─── Excerpted data

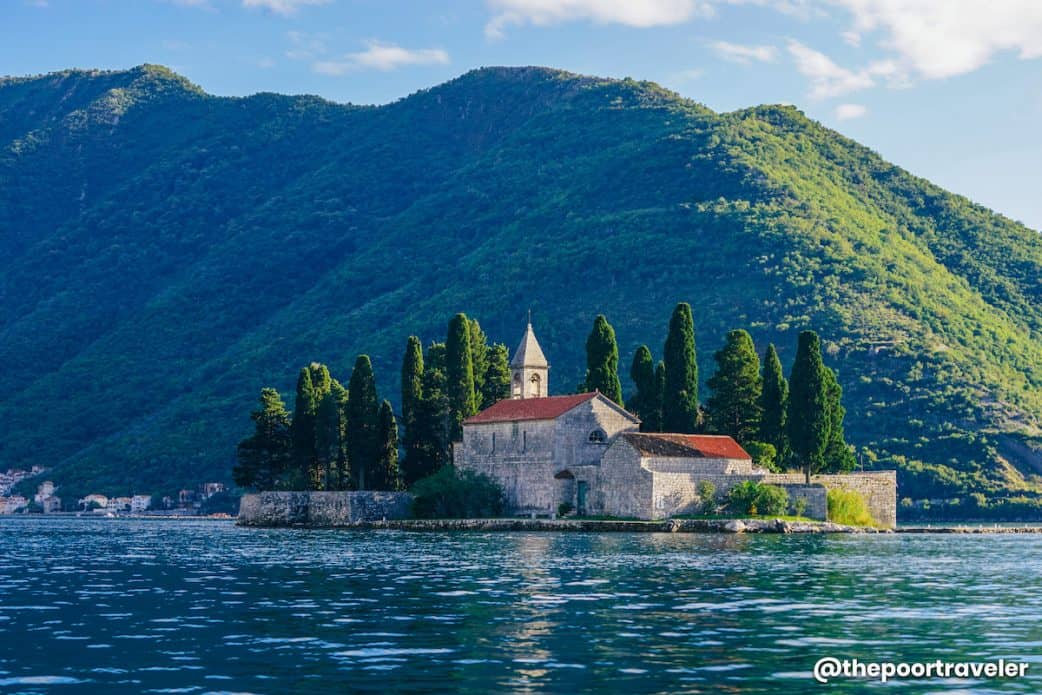 KOTOR, MONTENEGRO: 15 Best Things to Do (City Tours & Day Trips) | The ...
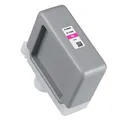 Canon oryginalny ink / tusz PFI1100M, magenta, 160ml, 0852C001, Canon imagePROGRAF PRO-2000, 4000, 4000S, 6000, 6000S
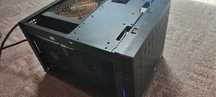 Vand mini PC Office & Gaming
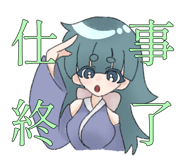 841673309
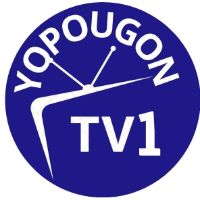 yopougon.tv1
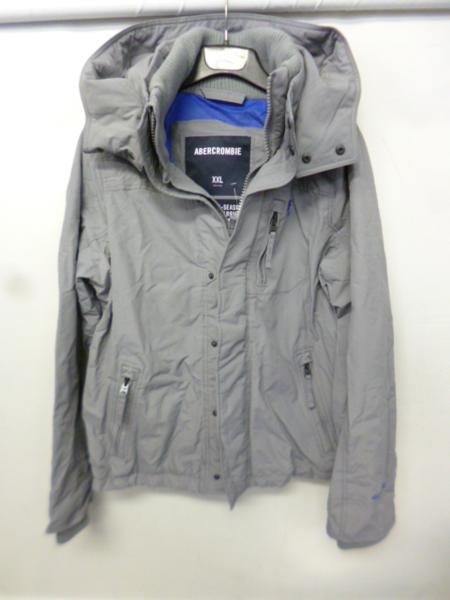 450x600-20161201002101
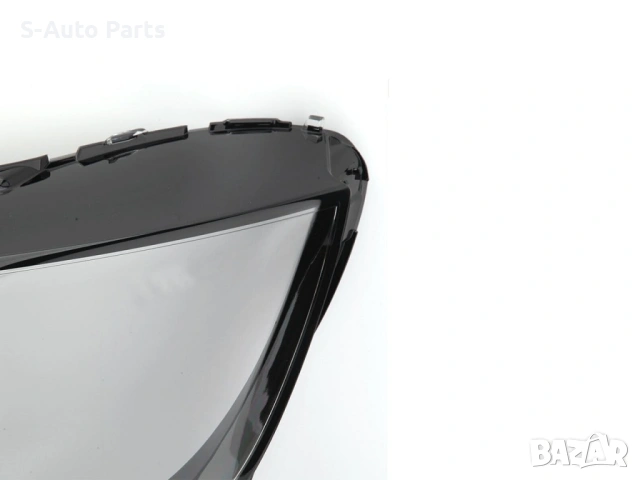 Стъкла за фарове на Audi Q5 FY (2017-2020), снимка 2 - Аксесоари и консумативи - 54263311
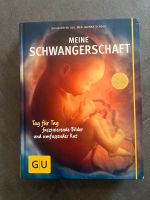Meine Schwangerschaft Baden-Württemberg - Heitersheim Vorschau
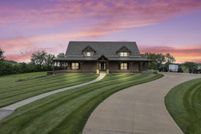 Residential Property for sale in Boyle County, Kentucky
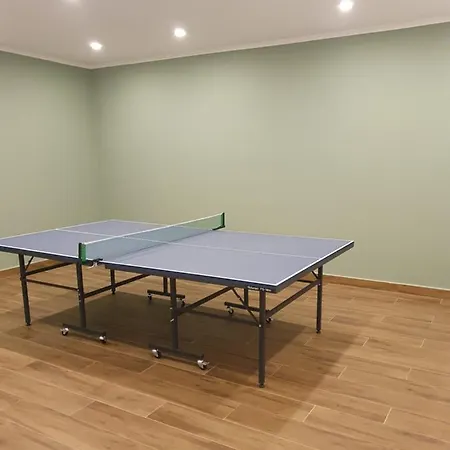 Apartmán A Dream House With A Dream View In Royal Park *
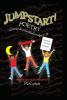 Jumpstart! Poetry
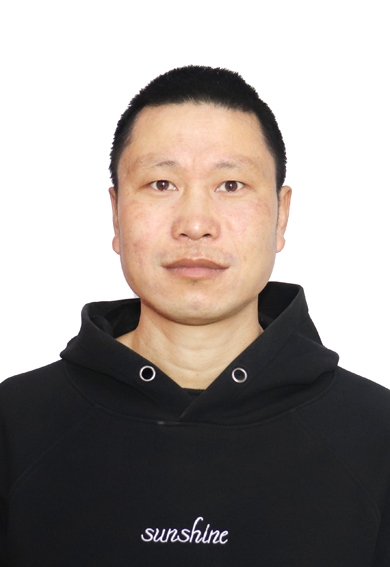 东东旭的第二张照片--鞍山相亲服务中心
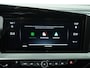 Opel Mokka 1.2 Turbo Hybrid GS Automaat / Navi / Clima / Camera / Parkeersensoren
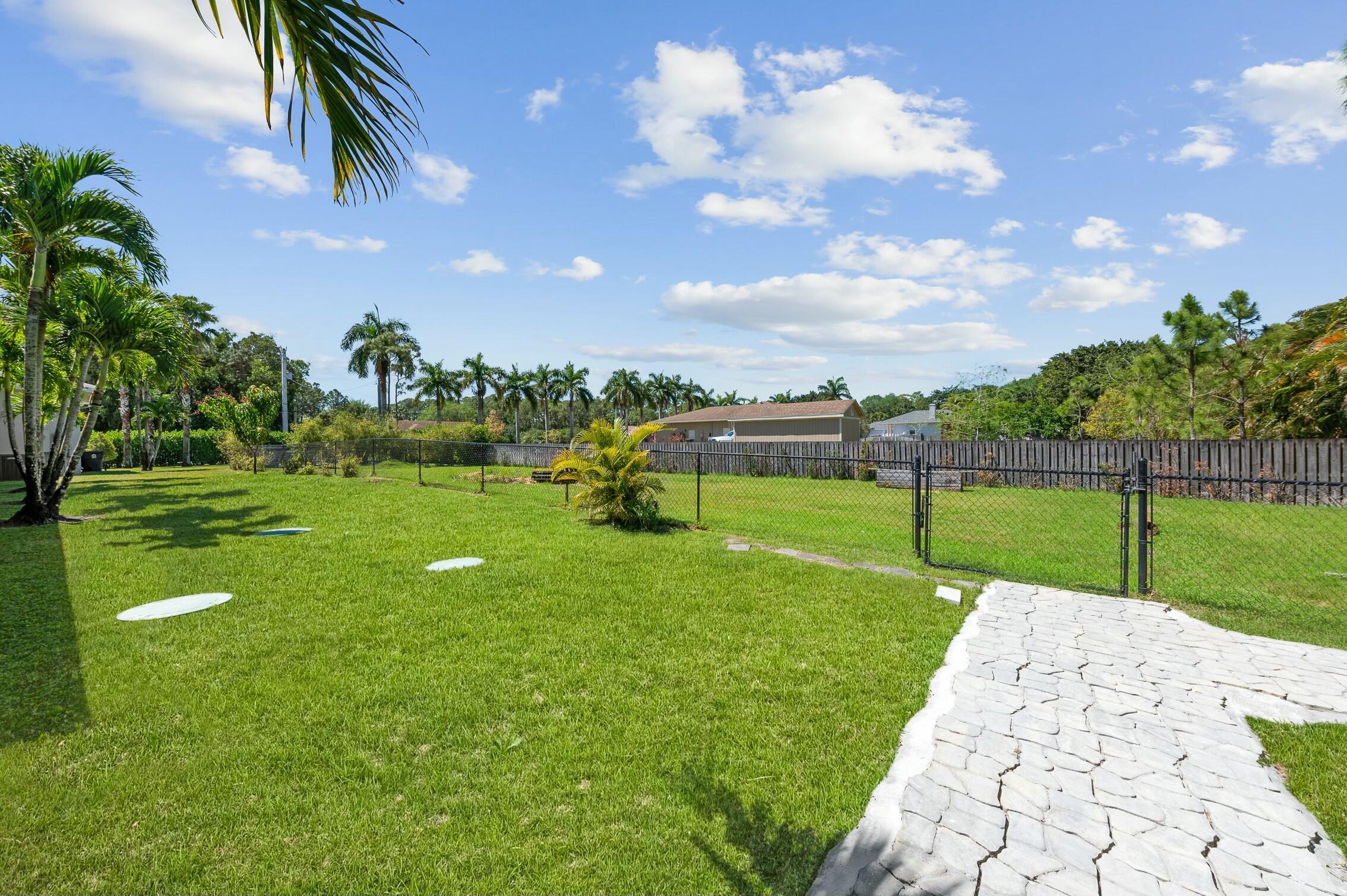 15503 Temple Boulevard Property Photo 54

──────

• Work order:
Repeat the lines above exactly, beginning with the one containing "yopougon.tv1" and finishing with the one containing "Residential Property for". No pictures belong in the copy.

• Solved problem:
 yopougon.tv1
 450x600-20161201002101
 Стъкла за фарове на Audi Q5 FY (2017-2020), снимка 2 - Аксесоари и консумативи - 54263311
Meine Schwangerschaft Baden-Württemberg - Heitersheim Vorschau
 Residential Property for sale in Boyle County, Kentucky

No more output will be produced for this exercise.